This Court when determining the matter, in its judgment dated 20th December, 2012 awarded interest on the award of USD 130,000 (or its equivalent in Kenya shillings at the rate prevailing on the date of payment) and pegged it at 18% per annum. The point of contention, however, arises on how the 18% is to be computed – whether as simple or compound interest. The aforementioned section only provides for interest on pecuniary judgments, but does not state the method of computation of the interest, whether simple or compound.

In The Law of Interest in Canada (Scarborough: Thomson Canada Ltd., 1992) at p. 37, the author states;

“… Canadian law contains a presumption that interest is simple unless expressly stated”.

This rule is also stated succinctly in Park Projects Ltd v Halifax (City) (1981), 48 N.S.R. (2d).As correctly stated by the respondent, in the absence of an agreement, express or implied, for compound interest, the mortgagee is entitled only to simple interest and any stipulation for compound interest must be strictly construed. This was the position adopted by the Court of Appeal in Bank of Nova Scotia v Dunphy Leasing Enterprises Ltd. (1991), 83 Alta. L.R. (2d) 289, [1992] 1 W.W.R. 577 (C.A.), aff’d [1994] 1 S.C.R. 552, 18 Alta. L.R. (3d) 2, wherein it was reiterated that:

“…interest should be calculated using the nominal rate method (simple interest) and not the effective rate method (compound interest) unless there is a good reason for importing the reinvestment principle into the contract.”

As I have observed, Section 26 (1) of the Civil Procedure Act does not provide for a method of computing interest.
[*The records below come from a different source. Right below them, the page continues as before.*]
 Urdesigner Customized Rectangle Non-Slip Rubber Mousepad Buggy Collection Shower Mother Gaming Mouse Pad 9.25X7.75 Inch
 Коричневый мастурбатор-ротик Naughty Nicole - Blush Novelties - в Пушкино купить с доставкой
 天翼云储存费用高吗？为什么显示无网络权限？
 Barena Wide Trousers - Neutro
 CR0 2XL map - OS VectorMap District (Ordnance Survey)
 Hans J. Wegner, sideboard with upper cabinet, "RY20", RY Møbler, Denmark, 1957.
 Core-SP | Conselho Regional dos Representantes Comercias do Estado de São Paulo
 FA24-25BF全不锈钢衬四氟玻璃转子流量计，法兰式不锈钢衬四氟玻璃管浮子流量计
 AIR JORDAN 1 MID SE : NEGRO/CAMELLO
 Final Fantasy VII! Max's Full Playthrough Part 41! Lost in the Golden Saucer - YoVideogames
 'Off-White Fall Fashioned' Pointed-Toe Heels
It only gives the Courts the discretionary power to award interest on pecuniary judgments, and as such, and as was held in Bank of America Canada v Mutual Trust Co. (supra), in my opinion, compound interest will only be awarded in circumstances warranting it and in the interest of fairness. In paragraph 35 of its submissions, the Plaintiff submits that it missed an opportunity to invest the money that had been withheld by the Defendant, and thus the interest rate ought to be calculated on a compounded interest basis. This was reiterated in Sempra Metals Ltd v Inland Revenue Commissioners (supra) in which it was held that compound interest would be awarded in the exercise of the Court’s equitable jurisdiction. In Pacific Playground Holdings Ltd v Endeavour Developments Ltd. (2002), 28 C.P.C. (5th) 85, 2002 BCSC 1491, Wilson, J in quoting with approval the ruling of Major, J in Bank of America Canada v Mutual Trust Co.held:

“[T]here seems in principle no reason why compound interest should not be awarded. Had prompt recompense been made at the date of the wrong the plaintiff would have had a capital sum to invest; the plaintiff would have received interest on it at regular intervals and would have invested those sums also(emphasis added).”
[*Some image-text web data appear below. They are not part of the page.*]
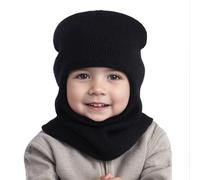 2026 Cappelli Calvi Ragazze Ragazzi Con Cappuccio Sciarpa Invernale Bambino Cappello Sciarpa Maglia Bambino Cura Del Bambino, Nero , Einheitsgröße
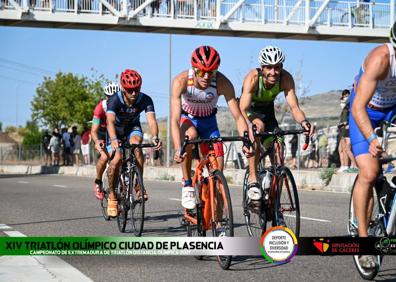 Imagen secundaria 1 - Ismael Bocadulce se trae la plata en categoría sub-21 del campeonato de Extremadura de Triatlón Olímpico que se celebró en Plasencia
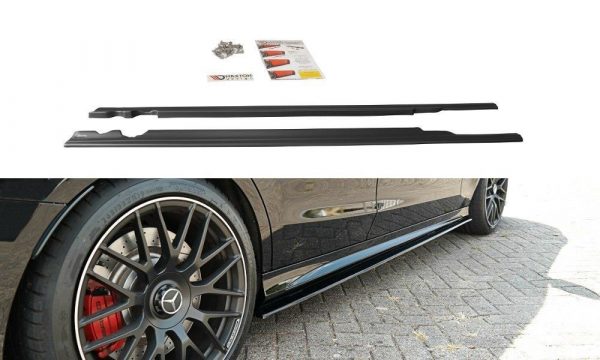 lmr Side Skirts Diffusers Mercedes C-Class S205 63Amg Estate / Gloss Black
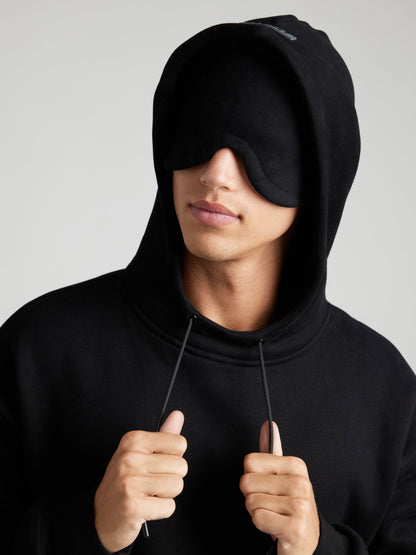Comfrt Airplane Mode Travel Hoodie mit integrierter Augenmaske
Does the allegation, therefore, that the Plaintiff missed an opportunity to invest the monies held by the Defendant, warrant and indeed form a basis for which the interest rate on the judgment award should be calculated on a compound interest basis? Are there circumstances here that would warrant the Court to exercise its discretionary equitable jurisdiction to award compound interest? (see Lord Hope of Graighead’s opinion in Sempra Metals Ltd v Inland Revenue Commissioners). The Defendant, a licensed bank under the Banking Act, Cap 488 of the Laws of Kenya, undertakes banking business, which includes the lending of money to its customers. There is no agreement as between the Plaintiff and Defendant as to how the rate of interest would be calculated in the event that there was default by the Defendant. The agreement only stipulated and provided for a rate of interest, compounded at 26% per annum. In this connection, I find that the Defendant’s quoted (by the Plaintiff) letter of 5th May 1998 of relevance. The second sentence of the first paragraph thereof reads:

“Interest being charged at 12% per annum above the Bank’s base rate currently 26% for the time being, will continue to accrue at the ruling rate compounded with monthly rests, until the date is completely repaid.”
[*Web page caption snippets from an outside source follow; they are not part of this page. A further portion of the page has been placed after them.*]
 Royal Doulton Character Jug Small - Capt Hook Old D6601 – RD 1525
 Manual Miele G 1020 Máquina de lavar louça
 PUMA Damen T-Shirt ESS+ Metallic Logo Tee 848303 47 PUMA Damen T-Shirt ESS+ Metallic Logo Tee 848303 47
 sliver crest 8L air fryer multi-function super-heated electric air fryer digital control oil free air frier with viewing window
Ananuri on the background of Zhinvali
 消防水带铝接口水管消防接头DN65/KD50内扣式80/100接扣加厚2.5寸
It was not anticipated that a situation would arise whereby the Defendant would have to repay the Plaintiff for monies withheld in its accounts. As such it would only seem logical, (in the absence of any agreement, express or otherwise), that the rate of interest applicable would be simple interest. However, the circumstances here are that there was no provision as to the calculation of the rate of interest applicable. The Plaintiff, as a result, has invoked the Court’s discretion in applying an equitable remedy to ameliorate the issue. As was held in Pacific Playground Holdings Ltd v Endeavour Developments Ltd (supra), the Plaintiff was indeed denied the opportunity to invest the money withheld by the Defendant, and therefore missed opportunities. I was also impressed by the finding inBank of America Canada v Mutual Trust Co. [2002] 2 SCR 601, where Major, J of the Supreme Court of Canada held that equitable principles allow for interest to be calculated on a compound basis where fairness concerns dictate it, regardless of the wording of the Act. The learned judge went on to hold inter alia:

“Simple interest and compound interest each measure the time value of the initial sum of money, the principal. The difference is that compound interest reflects the time-value component to interest payments while simple interest does not. Interest owed today but paid in the future will have decreased in value in the interim just as the dollar example described in paras. 21-22. Compound interest compensates a lender for the decrease in value of all money which is due but as yet unpaid because unpaid interest is treated as unpaid principal. Simple interest makes an artificial distinction between money owed as principal and money owed as interest. Compound interest treats a dollar as a dollar and is therefore a more precise measure of the value of possessing money for a period of time. Compound interest is the norm in the banking and financial systems in Canada and the Western world and is the standard practice of both the appellant and the respondent……… Where the parties have earlier agreed on a compound rate of interest, or there are circumstances warranting it, it seems fair that a court has the power to award compound post judgment interest as damages to enable the plaintiff to be fully compensated when the award is finally paid.”

Accordingly, I would find that there was no express provision as to the method of calculating interest rate on the pecuniary judgment in this case. However, the Defendant, having withheld the amount for a period of over twelve (12) years, it could be presumed to have applied the same to its business, and therefore gained significantly from the same. The opportunities lost by the Plaintiff in this instance would only be adequately compensated by applying a rate that would reflect the time value component to interest. The upshot is that I would uphold the trade and usage norm as practised by banks in Kenya. I see no reason why the Plaintiff herein should not enjoy the same method of calculation of interest as would have been employed and calculated payable by it, if it had been in default. As the Defendant bank has proved to be the party in default, I see no reason why it should complain that the calculation of interest that it would have expected cannot be reciprocated as a result of its default. Accordingly, the interest rate for the Decree purposes herein, is to be calculated on a compound interest basis,at the rate of 18% per annum, compounded with monthly rests until paid in full.

DATED and delivered at Nairobi this 30th day of October, 2013.